Here it is in action!
1> c(my_behavior).
{ok,my_behavior}
2> c(my_abstract).
{ok,my_abstract}
3> c(my_callbacks).
{ok,my_callbacks}
4> Service = my_abstract:start(my_callbacks).
<0.50.0>
5> Service ! {self(), {do_it, 5}}.
{<0.33.0>,{do_it,5}}
6> flush().
Shell got 6
ok
7> Service ! {self(), {do_it, 41}}.
{<0.33.0>,{do_it,41}}
8> flush().
Shell got 42
ok
9> Service ! stop.
<0.50.0> (my_abstract): Farewell!
stop
So what good is the behavior definition? It didn't actually do anything! Well, what good are all those Dialyzer type hierarchy declarations? They don't do anything either.
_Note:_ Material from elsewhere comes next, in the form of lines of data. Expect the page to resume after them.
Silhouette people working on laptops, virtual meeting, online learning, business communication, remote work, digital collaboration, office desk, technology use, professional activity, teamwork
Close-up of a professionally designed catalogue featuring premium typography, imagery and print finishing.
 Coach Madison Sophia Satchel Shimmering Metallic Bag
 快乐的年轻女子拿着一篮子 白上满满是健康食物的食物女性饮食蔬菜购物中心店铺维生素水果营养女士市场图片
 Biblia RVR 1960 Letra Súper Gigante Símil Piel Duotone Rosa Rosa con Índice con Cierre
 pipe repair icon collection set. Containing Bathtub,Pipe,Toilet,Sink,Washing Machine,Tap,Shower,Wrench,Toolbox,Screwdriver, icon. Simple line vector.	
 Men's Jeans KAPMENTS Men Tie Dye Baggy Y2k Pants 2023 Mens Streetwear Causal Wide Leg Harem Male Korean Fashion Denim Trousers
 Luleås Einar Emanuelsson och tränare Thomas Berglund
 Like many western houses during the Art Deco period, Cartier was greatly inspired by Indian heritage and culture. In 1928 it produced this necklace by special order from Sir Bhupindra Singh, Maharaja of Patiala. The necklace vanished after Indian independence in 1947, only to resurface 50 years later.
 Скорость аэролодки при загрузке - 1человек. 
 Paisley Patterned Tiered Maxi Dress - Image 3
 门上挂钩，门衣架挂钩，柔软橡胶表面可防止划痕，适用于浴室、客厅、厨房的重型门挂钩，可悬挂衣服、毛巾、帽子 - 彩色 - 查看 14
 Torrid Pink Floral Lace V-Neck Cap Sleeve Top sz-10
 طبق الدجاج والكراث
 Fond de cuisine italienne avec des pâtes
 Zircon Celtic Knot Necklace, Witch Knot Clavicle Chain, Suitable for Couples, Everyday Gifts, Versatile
But they help you automatically check your work to make sure you won't experience some exciting runtime fail -- but neither Dialyzer nor behavior definitions force you to do anything: they merely warn us of our (likely) impending doom:
-module(my_other_callbacks).
-behavior(my_behavior).
-export([haha_wtf/1]).
haha_wtf(A) -> A - 1.
And when we build this we get:
10> c(my_other_callbacks).
my_other_callbacks.erl:2: Warning: undefined callback function fn/1 (behaviour 'my_behavior')
{ok,my_other_callbacks}
Note, though, that this module was actually compiled and is still independently useable (but not by our abstract service, which is expecting to find fn/1
defined in anything called a my_behavior
):
11> my_other_callbacks:haha_wtf(5).
4
Hopefully this little walkthrough sheds some light on the path.